Traces and comments upon the sources, history, and development of each of the rites and formularies of the book from the earliest known forms until the present day.


Customer Reviews:
 
A Nearly Exhaustive Commentary on the 1979 American BCP
Customer Rating: 5 out of 5 
Hatchett delivers a thorough commentary on the entire content of the 1979 Book of Common Prayer (BCP) of the Episcopal Church of the USA. His commentary on all sections of the BCP offers background and history of the content, language and theology behind the current version. This is extremely helpful and interesting, as when appropriate Hatchett shows the process of inclusion and revision of content from the first Prayer Book of the Church of England in 1549 down to the current version. Often he provides examples of original prayers or rites that have been altered. He discusses the reasons for such changes. Many times his historical explanations refer to the Judaic practices, the Apostolic Church, the early church and down through the ages. He often cites or references such documents as the "Apostolic Tradition" of Hippolytus and other early church "liturgies."

His writing is fluid and easily accessible by novices to the BCP and also robust enough to be appreciated by scholars and priests in the church. For priests, deacons or other leaders hoping for guidance or better understanding on the BCP, this is the place to find it. Hatchett seems to always find the right balance between not enough information and too much information for the diverse audiences of this book.

For anyone who takes the BCP seriously and values it, this is almost a necessary resource because of its usefulness. At the very least, it will help develop a greater appreciation for the BCP and those who have developed the past editions and the current 1979 edition.

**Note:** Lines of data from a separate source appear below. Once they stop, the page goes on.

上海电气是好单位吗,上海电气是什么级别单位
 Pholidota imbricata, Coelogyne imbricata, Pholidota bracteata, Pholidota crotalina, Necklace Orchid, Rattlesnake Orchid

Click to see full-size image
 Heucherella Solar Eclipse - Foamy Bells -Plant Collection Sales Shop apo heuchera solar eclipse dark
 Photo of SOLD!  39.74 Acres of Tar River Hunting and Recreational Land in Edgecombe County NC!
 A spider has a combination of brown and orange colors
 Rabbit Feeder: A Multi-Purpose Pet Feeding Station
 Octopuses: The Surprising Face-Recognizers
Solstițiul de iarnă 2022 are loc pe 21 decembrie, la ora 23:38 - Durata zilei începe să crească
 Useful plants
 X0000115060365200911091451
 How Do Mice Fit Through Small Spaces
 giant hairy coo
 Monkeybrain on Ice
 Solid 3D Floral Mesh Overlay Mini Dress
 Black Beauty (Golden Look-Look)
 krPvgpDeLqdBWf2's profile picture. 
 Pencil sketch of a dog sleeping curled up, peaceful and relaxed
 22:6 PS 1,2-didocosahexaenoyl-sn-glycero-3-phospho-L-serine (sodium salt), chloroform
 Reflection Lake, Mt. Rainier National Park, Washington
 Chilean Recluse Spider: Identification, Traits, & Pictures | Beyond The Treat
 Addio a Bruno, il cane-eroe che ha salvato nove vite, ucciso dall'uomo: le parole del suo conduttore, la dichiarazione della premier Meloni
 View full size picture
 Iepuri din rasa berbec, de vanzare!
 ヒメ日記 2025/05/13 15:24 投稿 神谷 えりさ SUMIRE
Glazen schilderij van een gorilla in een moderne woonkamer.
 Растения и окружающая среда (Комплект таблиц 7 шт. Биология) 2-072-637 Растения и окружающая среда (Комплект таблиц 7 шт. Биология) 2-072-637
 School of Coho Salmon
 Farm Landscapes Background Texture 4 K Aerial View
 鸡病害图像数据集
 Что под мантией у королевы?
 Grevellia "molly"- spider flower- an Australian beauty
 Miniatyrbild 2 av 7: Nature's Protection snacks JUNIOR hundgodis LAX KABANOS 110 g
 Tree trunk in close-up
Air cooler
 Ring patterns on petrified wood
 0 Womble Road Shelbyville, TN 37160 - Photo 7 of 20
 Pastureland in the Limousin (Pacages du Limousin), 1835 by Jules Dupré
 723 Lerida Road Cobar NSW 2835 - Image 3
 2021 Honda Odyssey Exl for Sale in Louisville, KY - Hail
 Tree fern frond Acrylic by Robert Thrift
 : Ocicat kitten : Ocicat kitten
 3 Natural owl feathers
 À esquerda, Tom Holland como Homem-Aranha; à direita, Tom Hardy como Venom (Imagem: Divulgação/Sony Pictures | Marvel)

I cannot imagine a reader being disappointed with this commentary.



Must have reference book
Customer Rating: 5 out of 5 
I was skeptical about the 700 pages but I have been using it daily. As a new Episcopalian, this book explains the Book of Common Prayer as it is and how it got that way (history). I highly recommend it.

Everything you want to know about Episcopalian Worship
Customer Rating: 5 out of 5 
Since, after serving many years in Roman Catholic and Evangelical Lutheran Church of America congregations, I have just taken a position in an Episcopalian congregation, I was casting about for a meaty but accessible reference about worship. Hatchett has done a great job. Any serious church worker or congregant needs this book at hand for constant, lucid and easy reference. At almost 700 pages one will certainly not want to read it in one sitting but the style and importance of the book will invite periodic forays into the text and ideas it contains.

A grand reference
Customer Rating: 4 out of 5 
Though I am no longer a part of an Anglican jurisdiction, the 1979 Book of Common Prayer is a part of the modern liturgical landscape of the Western Church, and as a result, happening across this book necessitated a purchase.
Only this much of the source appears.